(Beginning of EXTRACTED DATA)

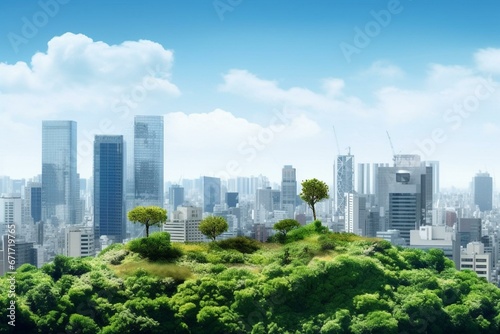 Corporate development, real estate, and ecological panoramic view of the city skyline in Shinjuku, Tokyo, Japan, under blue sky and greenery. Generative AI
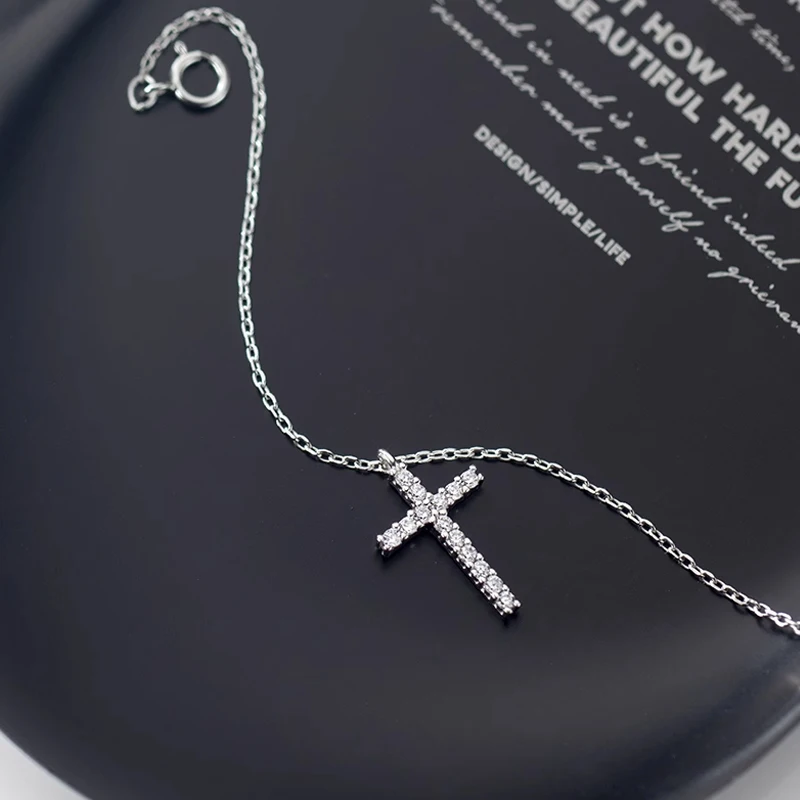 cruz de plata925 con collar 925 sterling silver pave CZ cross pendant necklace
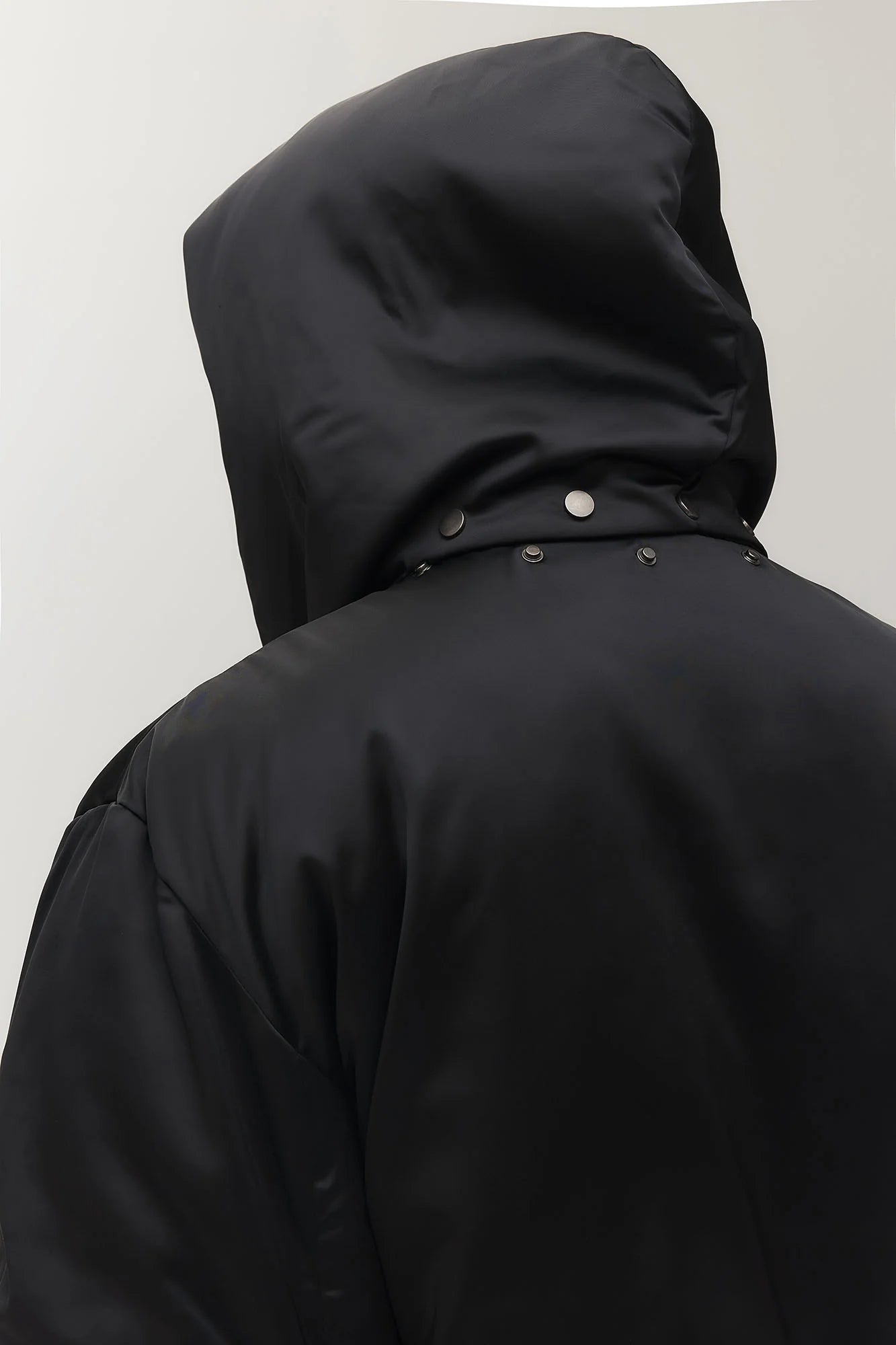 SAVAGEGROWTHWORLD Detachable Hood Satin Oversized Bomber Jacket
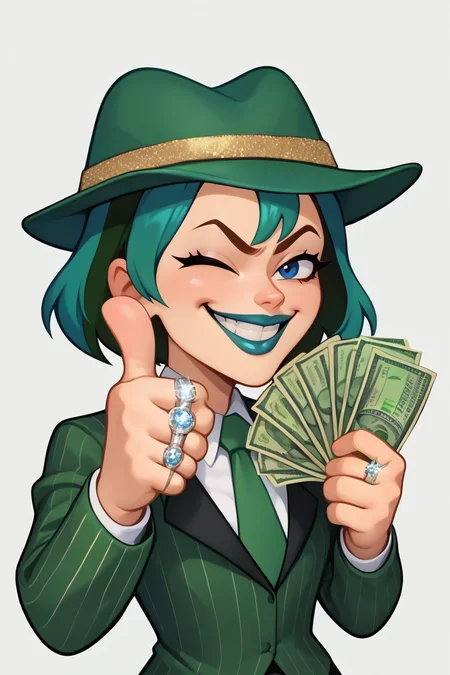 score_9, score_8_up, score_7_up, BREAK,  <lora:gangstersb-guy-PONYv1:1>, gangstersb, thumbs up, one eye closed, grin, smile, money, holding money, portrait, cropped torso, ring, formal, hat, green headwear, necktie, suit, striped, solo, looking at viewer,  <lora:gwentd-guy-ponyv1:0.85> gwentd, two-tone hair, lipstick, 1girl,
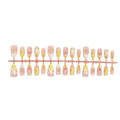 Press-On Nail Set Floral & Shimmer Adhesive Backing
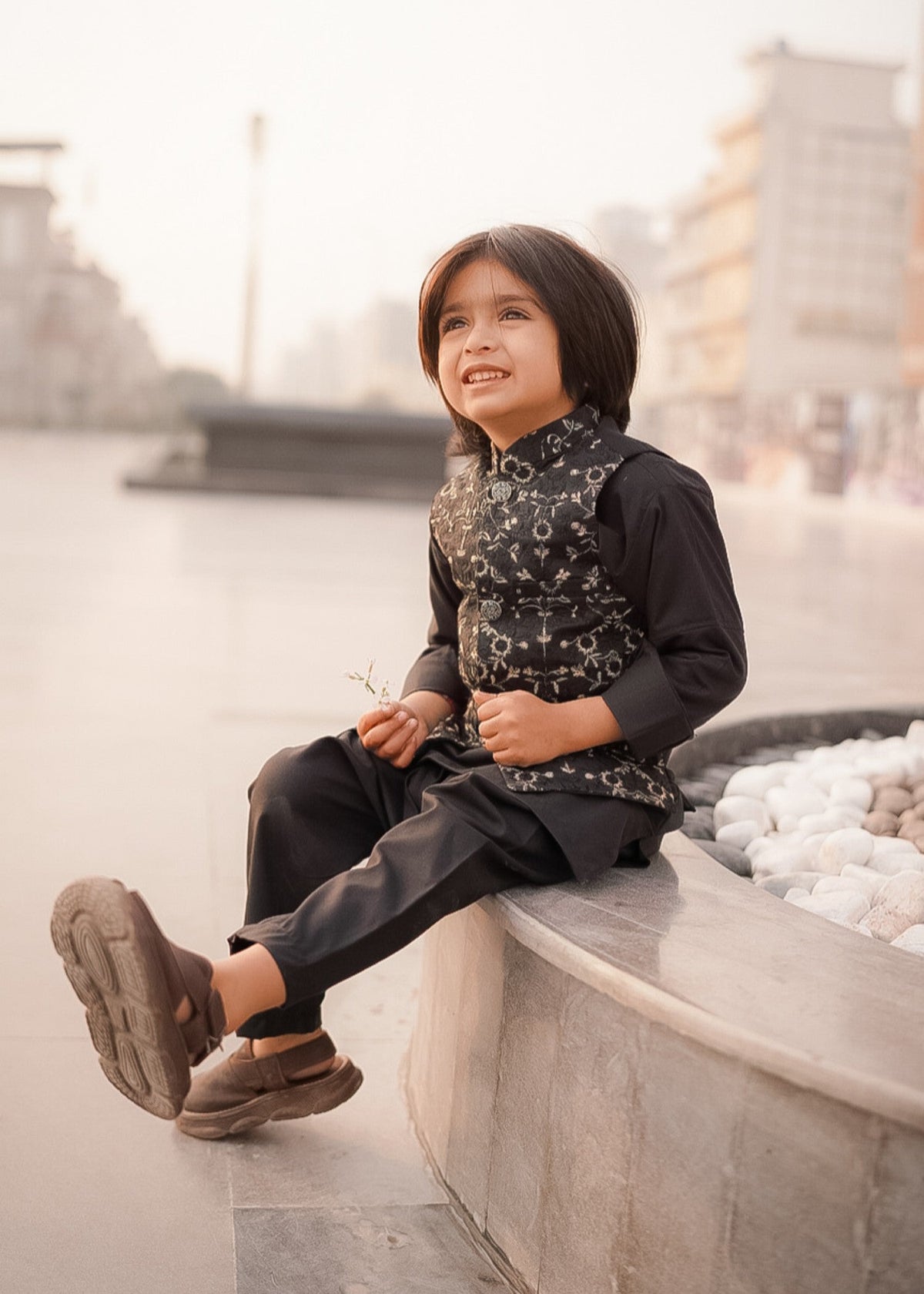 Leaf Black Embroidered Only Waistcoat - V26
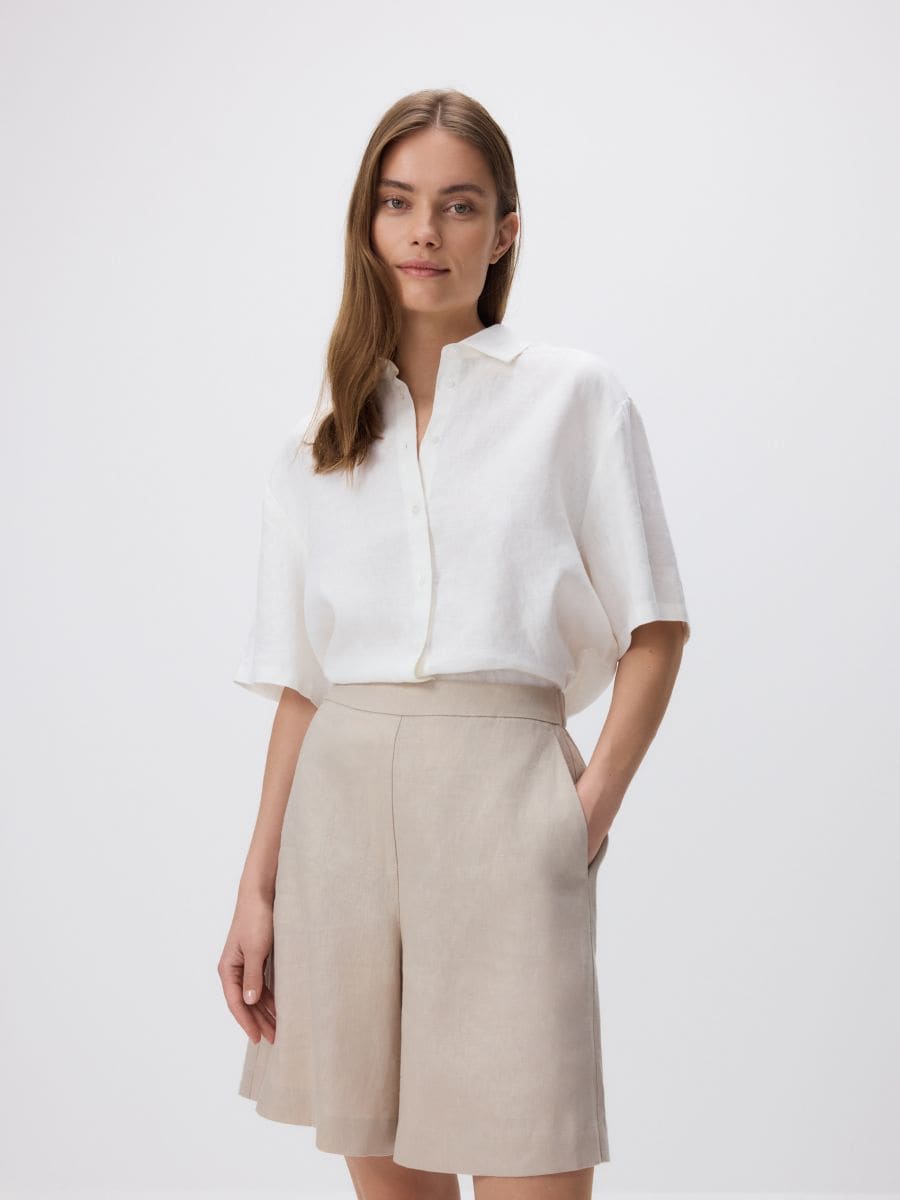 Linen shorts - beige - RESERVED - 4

(End of EXTRACTED DATA)

### YOUR TASK:
Word for word, repeat the material above and drop the pictures.

### PROBLEM SOLUTION:
 Corporate development, real estate, and ecological panoramic view of the city skyline in Shinjuku, Tokyo, Japan, under blue sky and greenery. Generative AI
 cruz de plata925 con collar 925 sterling silver pave CZ cross pendant necklace
 SAVAGEGROWTHWORLD Detachable Hood Satin Oversized Bomber Jacket
 score_9, score_8_up, score_7_up, BREAK,  <lora:gangstersb-guy-PONYv1:1>, gangstersb, thumbs up, one eye closed, grin, smile, money, holding money, portrait, cropped torso, ring, formal, hat, green headwear, necktie, suit, striped, solo, looking at viewer,  <lora:gwentd-guy-ponyv1:0.85> gwentd, two-tone hair, lipstick, 1girl,
 Press-On Nail Set Floral & Shimmer Adhesive Backing
 Leaf Black Embroidered Only Waistcoat - V26
 Linen shorts - beige - RESERVED - 4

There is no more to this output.